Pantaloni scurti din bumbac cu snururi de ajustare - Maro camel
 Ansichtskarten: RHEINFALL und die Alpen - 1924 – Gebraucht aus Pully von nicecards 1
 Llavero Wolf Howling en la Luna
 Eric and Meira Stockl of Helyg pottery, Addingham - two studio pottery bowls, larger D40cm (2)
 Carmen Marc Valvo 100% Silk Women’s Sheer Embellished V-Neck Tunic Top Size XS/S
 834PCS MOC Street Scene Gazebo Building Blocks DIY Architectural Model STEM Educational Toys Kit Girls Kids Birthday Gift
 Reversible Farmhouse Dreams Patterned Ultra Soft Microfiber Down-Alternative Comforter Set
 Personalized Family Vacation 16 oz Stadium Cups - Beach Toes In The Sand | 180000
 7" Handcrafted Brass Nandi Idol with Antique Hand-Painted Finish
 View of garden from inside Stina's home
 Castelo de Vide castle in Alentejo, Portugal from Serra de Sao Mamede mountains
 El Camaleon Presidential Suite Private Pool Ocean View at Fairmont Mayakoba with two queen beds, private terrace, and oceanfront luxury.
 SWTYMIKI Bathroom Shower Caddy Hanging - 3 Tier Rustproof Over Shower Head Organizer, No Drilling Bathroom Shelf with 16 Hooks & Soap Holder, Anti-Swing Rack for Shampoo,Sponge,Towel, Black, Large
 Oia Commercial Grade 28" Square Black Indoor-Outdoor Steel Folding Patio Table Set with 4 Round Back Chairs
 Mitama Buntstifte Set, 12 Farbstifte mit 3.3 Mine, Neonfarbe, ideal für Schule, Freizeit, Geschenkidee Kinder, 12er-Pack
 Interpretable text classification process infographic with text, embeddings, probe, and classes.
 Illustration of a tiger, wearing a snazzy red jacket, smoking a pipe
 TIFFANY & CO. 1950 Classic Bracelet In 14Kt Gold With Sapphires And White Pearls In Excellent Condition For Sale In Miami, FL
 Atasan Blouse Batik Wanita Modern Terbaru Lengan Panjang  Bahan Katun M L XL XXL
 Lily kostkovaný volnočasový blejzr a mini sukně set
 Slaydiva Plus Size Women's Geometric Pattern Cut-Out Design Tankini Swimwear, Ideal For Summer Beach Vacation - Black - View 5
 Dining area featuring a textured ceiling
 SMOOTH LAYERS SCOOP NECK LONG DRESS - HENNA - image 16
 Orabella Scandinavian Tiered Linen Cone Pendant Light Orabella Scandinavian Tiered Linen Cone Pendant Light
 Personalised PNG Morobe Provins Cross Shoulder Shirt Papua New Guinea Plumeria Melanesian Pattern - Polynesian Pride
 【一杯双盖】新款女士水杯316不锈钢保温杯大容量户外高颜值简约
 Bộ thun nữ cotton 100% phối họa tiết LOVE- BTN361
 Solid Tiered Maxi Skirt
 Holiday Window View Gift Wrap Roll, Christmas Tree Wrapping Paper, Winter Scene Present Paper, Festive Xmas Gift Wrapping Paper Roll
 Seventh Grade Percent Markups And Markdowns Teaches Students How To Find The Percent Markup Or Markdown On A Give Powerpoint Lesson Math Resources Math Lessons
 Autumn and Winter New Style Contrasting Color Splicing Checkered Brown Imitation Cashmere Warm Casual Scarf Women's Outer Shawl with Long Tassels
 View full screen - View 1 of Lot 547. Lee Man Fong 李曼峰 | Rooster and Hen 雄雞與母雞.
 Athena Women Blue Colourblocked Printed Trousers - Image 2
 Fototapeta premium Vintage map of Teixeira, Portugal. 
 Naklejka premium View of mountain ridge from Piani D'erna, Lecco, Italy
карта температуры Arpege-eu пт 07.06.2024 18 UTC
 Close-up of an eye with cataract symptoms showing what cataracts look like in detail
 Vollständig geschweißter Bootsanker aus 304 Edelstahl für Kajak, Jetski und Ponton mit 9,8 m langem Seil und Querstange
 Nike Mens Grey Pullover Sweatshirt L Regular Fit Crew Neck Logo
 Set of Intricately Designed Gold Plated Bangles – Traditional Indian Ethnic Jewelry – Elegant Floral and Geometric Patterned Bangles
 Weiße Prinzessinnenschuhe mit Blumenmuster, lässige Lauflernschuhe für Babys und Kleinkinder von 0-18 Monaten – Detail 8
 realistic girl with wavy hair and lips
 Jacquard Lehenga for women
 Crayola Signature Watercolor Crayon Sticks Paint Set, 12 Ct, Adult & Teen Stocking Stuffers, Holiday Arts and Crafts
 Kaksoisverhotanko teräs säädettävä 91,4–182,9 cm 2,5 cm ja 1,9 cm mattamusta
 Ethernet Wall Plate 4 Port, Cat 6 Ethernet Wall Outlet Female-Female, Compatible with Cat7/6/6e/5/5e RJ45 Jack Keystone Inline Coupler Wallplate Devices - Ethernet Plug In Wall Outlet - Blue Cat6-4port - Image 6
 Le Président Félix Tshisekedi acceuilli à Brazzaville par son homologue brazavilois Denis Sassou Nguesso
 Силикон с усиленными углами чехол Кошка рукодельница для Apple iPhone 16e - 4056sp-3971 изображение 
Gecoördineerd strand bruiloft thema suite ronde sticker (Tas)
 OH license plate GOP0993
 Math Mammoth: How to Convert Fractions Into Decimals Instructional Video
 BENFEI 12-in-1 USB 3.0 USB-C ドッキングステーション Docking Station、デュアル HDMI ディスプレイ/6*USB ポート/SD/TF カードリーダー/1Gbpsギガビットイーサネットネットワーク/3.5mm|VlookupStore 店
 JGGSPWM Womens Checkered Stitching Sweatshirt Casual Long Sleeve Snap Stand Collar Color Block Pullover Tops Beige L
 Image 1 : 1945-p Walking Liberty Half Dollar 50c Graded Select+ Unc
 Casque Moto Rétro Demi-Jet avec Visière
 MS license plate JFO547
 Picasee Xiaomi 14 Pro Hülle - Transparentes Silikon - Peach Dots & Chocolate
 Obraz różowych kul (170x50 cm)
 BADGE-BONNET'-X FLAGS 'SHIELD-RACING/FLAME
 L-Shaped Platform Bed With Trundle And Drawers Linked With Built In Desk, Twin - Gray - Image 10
----------------------------------------
Quote the data above from the line containing "Atasan Blouse Batik" to the line containing "Slaydiva Plus Size", inclusive, and stop.

 Atasan Blouse Batik Wanita Modern Terbaru Lengan Panjang  Bahan Katun M L XL XXL
 Lily kostkovaný volnočasový blejzr a mini sukně set
 Slaydiva Plus Size Women's Geometric Pattern Cut-Out Design Tankini Swimwear, Ideal For Summer Beach Vacation - Black - View 5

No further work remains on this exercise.